L’Evadée (The Chase) – d’Arthur D. Ripley – 1946
Curieux film noir, qui commence dans la plus grande tradition du genre, avec un ancien G.I. (Robert Cummings) qui tombe amoureux de la femme d’un gangster (Michèle Morgan) et décide de s’échapper avec elle. Mais un twist inattendu amène le film au bord de l’onirisme, avec une atmosphère très particulière : quand est-on dans la réalité, quand est-on dans le rêve ? Pas facile de répondre à cette question.
Cette atmosphère si particulière, cette volonté d’être toujours sur le fil, jamais vraiment là où on l’attend, c’est la grande force d’un film par ailleurs un peu bancal : un scénario approximatif (pourtant signé Philip Yordan, d’après un roman de William Irish, romancier souvent visité par le cinéma, de L’Homme Léopard à La Mariée était en noir, en passant par Les Mains qui tuent ou La Sirène du Mississipi), une mise en scène sans éclat, et des acteurs pas vraiment en valeur.
Michèle Morgan trouve pourtant là l’un de ses rares rôles de premier plan à Hollywood. Mais son personnage n’existe pas vraiment, et n’est pas mis en valeur par la caméra de l’obscur réalisateur. Morgan qui rêvasse devant un fond d’écran représentant la mer, cela fait… eh bien Morgan qui rêvasse devant un fond d’écran ! Quand la magie n’opère pas, il n’y a rien à faire. Quant à Peter Lorre, il fait du Peter Lorre, avec son talent habituel, mais sans en rajouter.
Il y a pourtant quelques beaux moments furtifs, comme la mort d’un homme dans une cave d’excellents vins, avec ce Cognac Napoléon de 1815 qui se répand dans un égoût d’évacuation, tel la vie qui s’échappe par une mare de sang. Réussie aussi : la peinture de La Havane des années 40, gorgée de vie, où la débauche et les excès côtoient la misère. Là, lorsqu’il s’écarte un peu de son intrigue, Ripley semble être particulièrement inspiré.
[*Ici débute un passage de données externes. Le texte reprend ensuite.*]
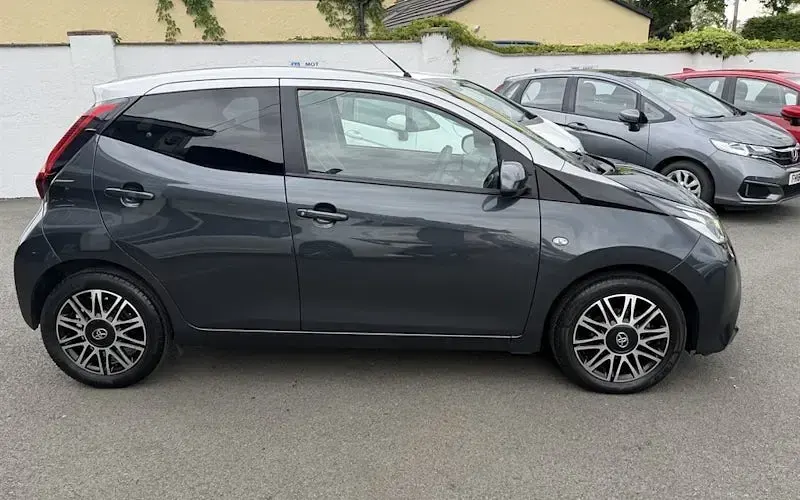 Used Toyota Aygo X-clusiv 72 HP (52 kW) 2021 Hatchback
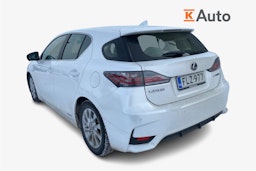 valkoinen Lexus CT 2016 kuva 2.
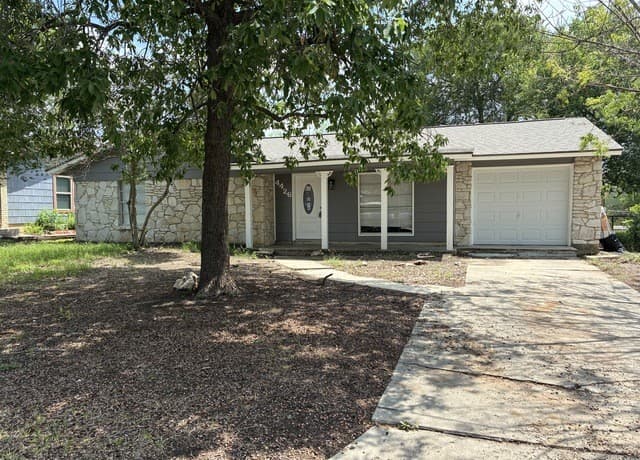 4426 Desert View Dr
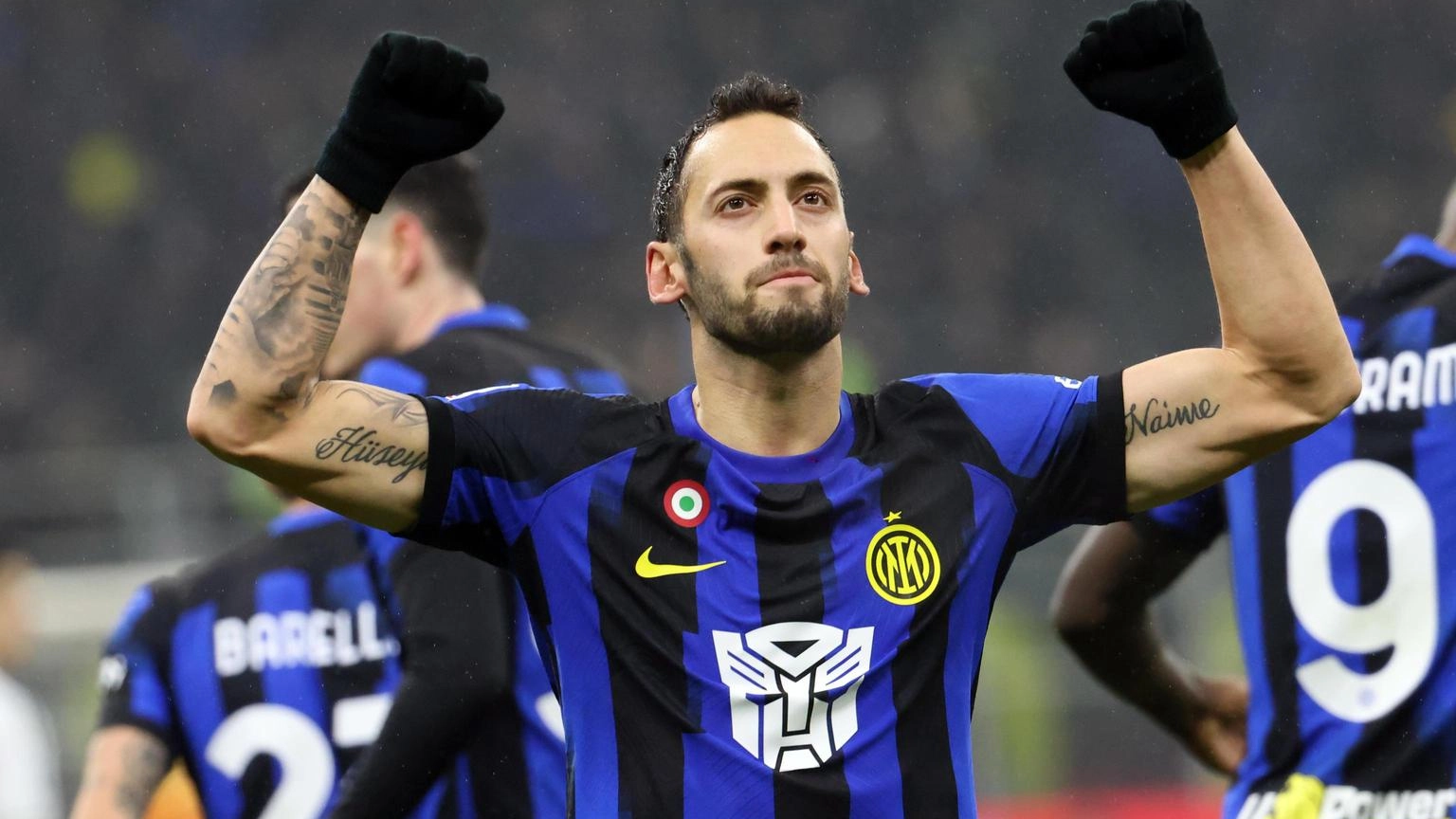 Calcio: Calhanoglu, ho rifiutato offerte per restare all'Inter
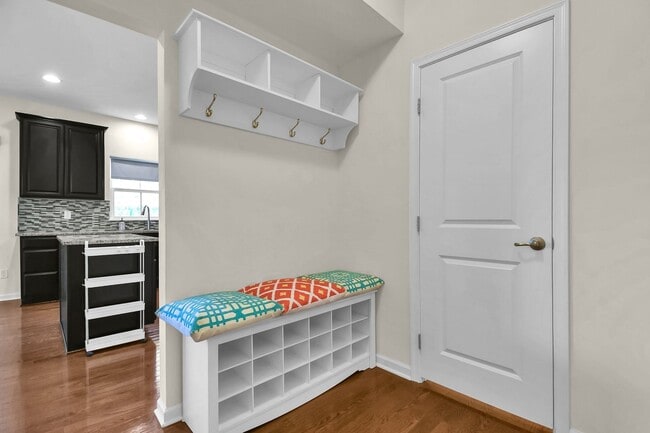 Building Photo - Spacious 3 Bedroom Home with Loft, Elegant...
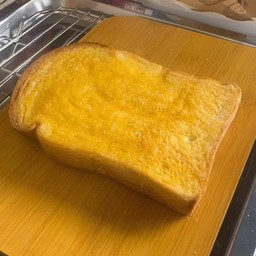 ปังแผ่นรสเนยเห็ดทรัฟเฟิล 1 แผ่น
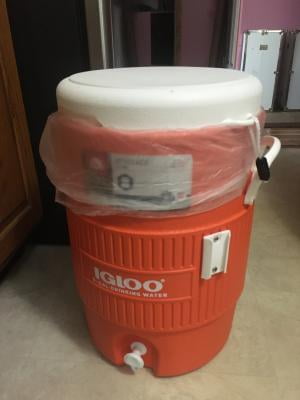 Igloo 5 Gallon Heavy-Duty Polyethylene Beverage Cooler Jug - Orange (18.9  LT capacity)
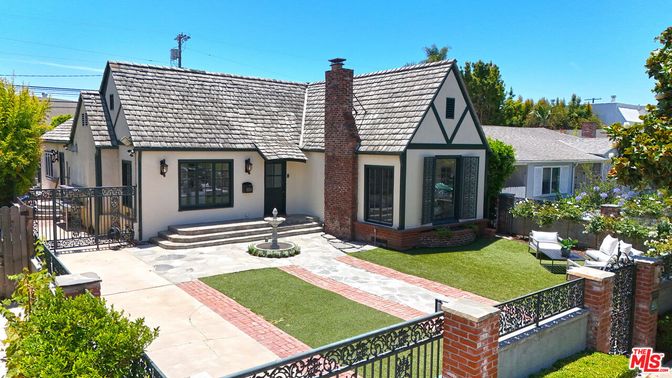 Backyard, Exterior, Facade, Brick Facade, Tudor Revival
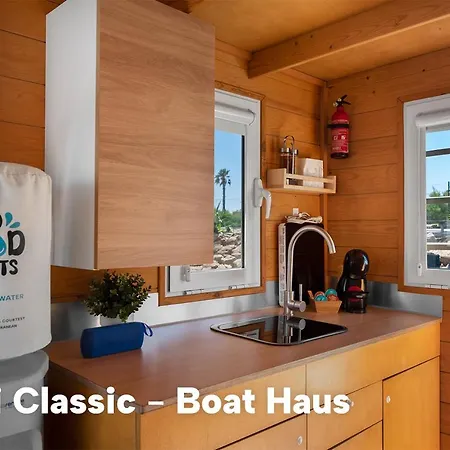 Boat Haus - Casas Flotantes Frente A Gibraltar Hotel La Línea de la Concepción Buitenkant foto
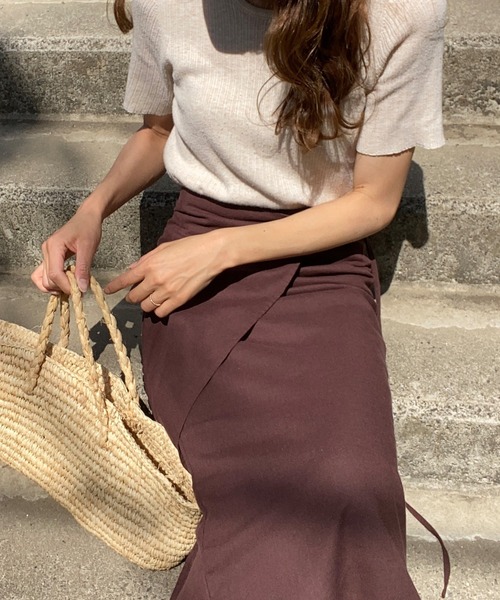 LAUIR（ラウアー）の「リネン混ラップスカート（スカート・レディース・ブラック/ブラウン/アイボリー/ブルーグレー/ワイン/カーキ/モカ・LARGE/X-LARGE/MEDIUM）」の4枚目の写真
Et il y a la fin, hallucinante. La montée dramatique, qui nous amène inexorablement vers l’incontournable affrontement entre Robert Cummings et ses ennemis, est évité par un rebondissement aussi subit qu’inattendu, à cause d’un inutile gadget, pour une fin absolument incroyable, sans doute sans équivalent dans l’histoire du film noir. Mine de rien, ce petit film bancal et au rythme trop lent se joue plutôt habilement de tous les codes du film noir. A défaut d’être un chef d’œuvre, c’est une vraie curiosité.